What an excruciatingly long week it has been. I have been mentally and physically exhausted for weeks now, and it seems as if everytime I have the chance to collapse on my bed, my thoughts run with wild abandon. About two and a half weeks ago, while still at home in Massachusetts, I stopped taking pain medication that was prescribed to me for a rather severe shoulder injury. The medication stopped working anyways and I surely do not want to choke down pills for the rest of my life. About two days after ceasing the medication, I became rather violently ill. I certainly knew what was happening, as I knew the risks of high potency opioid pain medications and thier countless negative side effects. It was certainly withdrawl. The feeling can be alikened to an extreme case of the flu, though in my mind I knew the flu would be cured had I taken some more of my pills. All the pain in my body seemed to pervade my system ten fold, I was too tired to be awake, and yet too sick to sleep. Two weeks later and the sickness has subsided, but I still can't sleep and have an overall sensation of wierdness that has been clouding my thoughts. This made me think of the deplorable drug situation in my town. If I am feeling this nasty over the withdrawl from controlled prescribed medication, there is no wonder how kids using these types of drugs on the streets can become so addicted so fast.
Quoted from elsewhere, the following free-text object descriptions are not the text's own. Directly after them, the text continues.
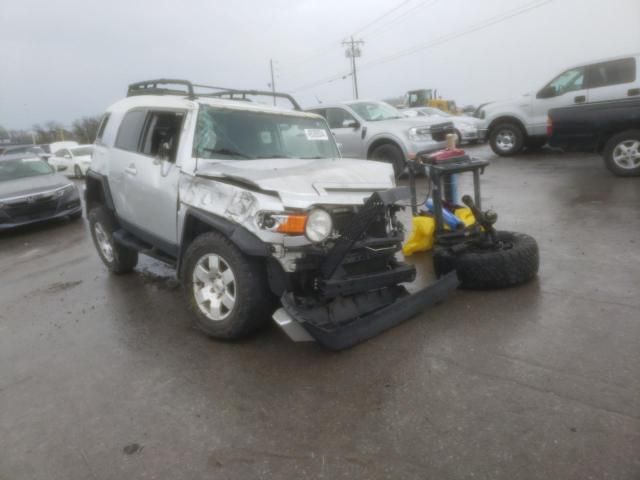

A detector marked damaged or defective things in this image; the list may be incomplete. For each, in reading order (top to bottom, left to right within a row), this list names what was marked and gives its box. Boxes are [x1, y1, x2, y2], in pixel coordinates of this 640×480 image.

detached wheel [368, 144, 402, 180]
detached tire [368, 144, 402, 180]
detached wheel [490, 123, 524, 157]
detached tire [490, 123, 524, 157]
detached wheel [604, 129, 640, 176]
detached tire [604, 129, 640, 176]
detached tire [87, 205, 138, 274]
detached wheel [88, 206, 137, 274]
detached wheel [181, 232, 272, 338]
detached tire [181, 232, 272, 338]
damaged front end [272, 187, 458, 348]
detached tire [432, 232, 536, 288]
detached wheel [432, 232, 536, 288]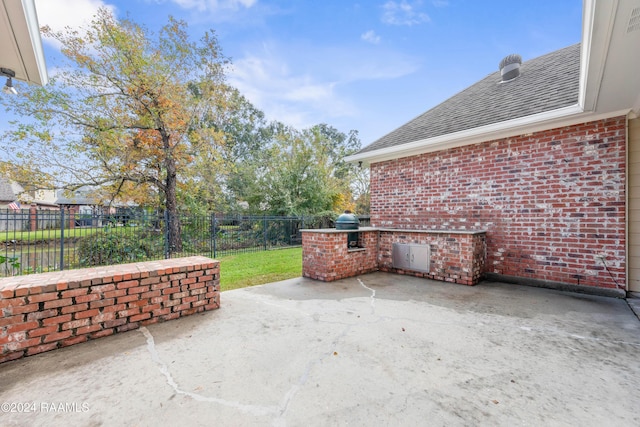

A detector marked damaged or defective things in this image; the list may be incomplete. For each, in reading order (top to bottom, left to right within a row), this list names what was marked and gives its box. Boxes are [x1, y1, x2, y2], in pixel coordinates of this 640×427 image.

crack in concrete [139, 328, 278, 418]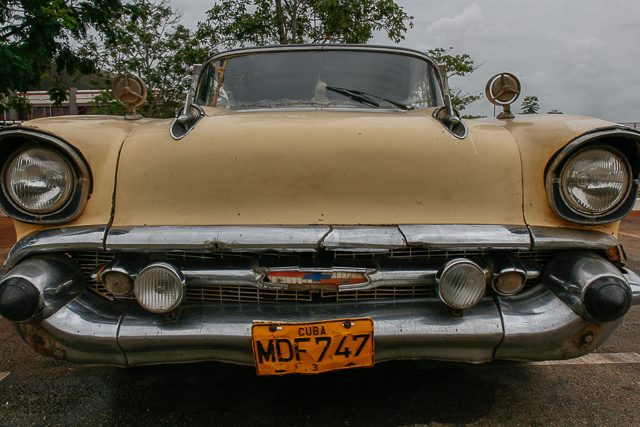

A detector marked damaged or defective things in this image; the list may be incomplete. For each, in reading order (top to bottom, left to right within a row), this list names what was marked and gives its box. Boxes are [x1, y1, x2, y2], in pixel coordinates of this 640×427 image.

rusted paint [18, 324, 65, 362]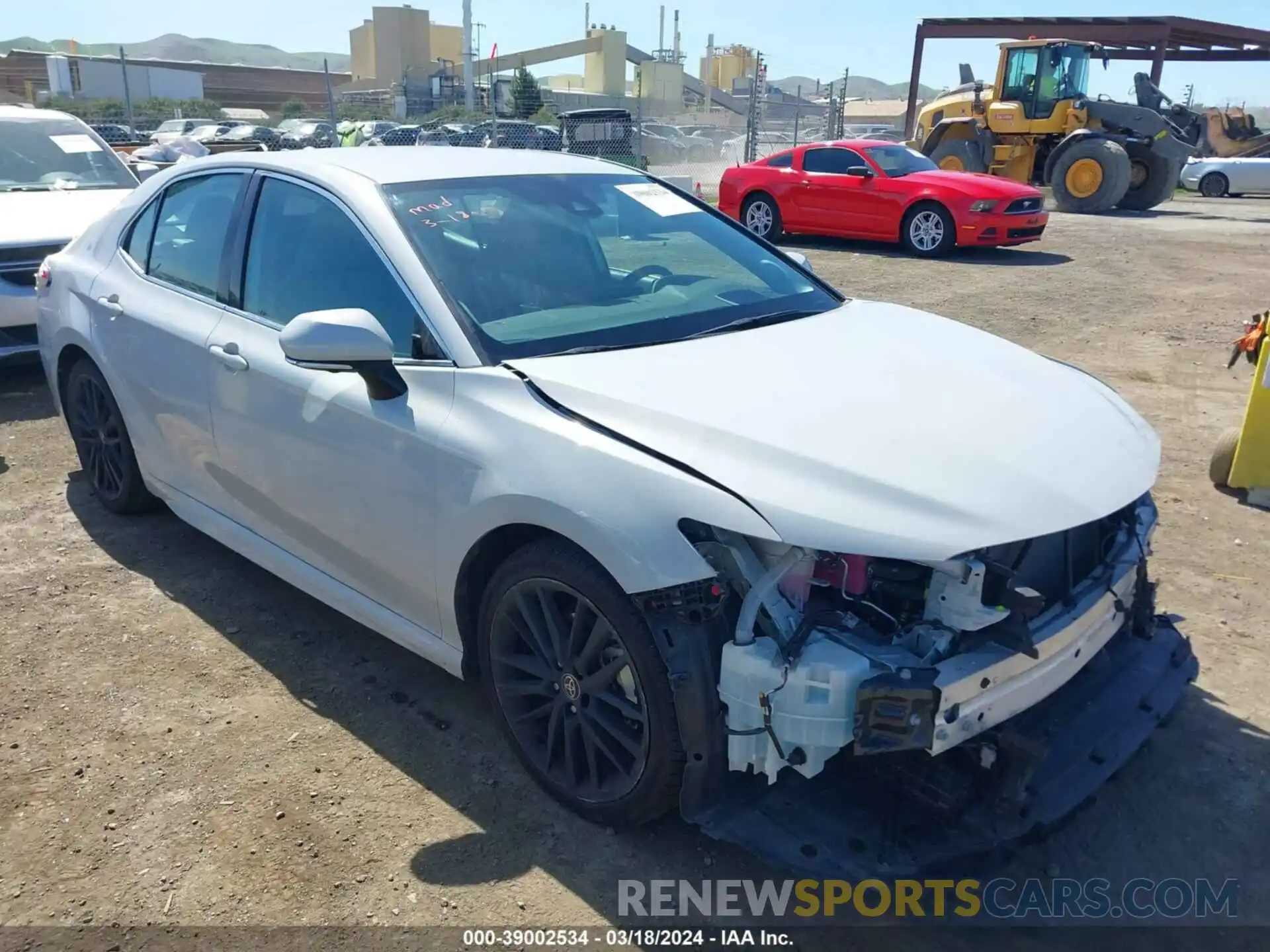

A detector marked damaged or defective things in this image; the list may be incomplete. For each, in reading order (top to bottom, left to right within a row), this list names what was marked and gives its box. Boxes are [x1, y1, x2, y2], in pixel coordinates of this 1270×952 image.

damaged white sedan [34, 151, 1196, 878]
crumpled front bumper [688, 616, 1196, 878]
These severe symptoms lasted for about five days. It infuriates me that doctors so freely prescribe such dangerous and habit forming medications. Surely a year ago, just after my shoulder surgery, Morphine was a neccesarry evil. But as the medication flooded my system and the pain stayed the same, my doctor would just prescribe me more of the medication. I feel practices such as these are more prevalent than people realize. My home town of Sandwich, Massachusetts has a massive problem with kids abusing prescription drugs. The state itself has become a joke among clinicians for its rampant abuse of narcotic based drugs. There are approximately 136,000 people in the state that abuse prescription drugs, and there certainly has to be a reason for that. For one thing, the multiple ports in the state are constantly responsible for the bringing in of Heroin and other illicit substances, thus making availibility quite simple.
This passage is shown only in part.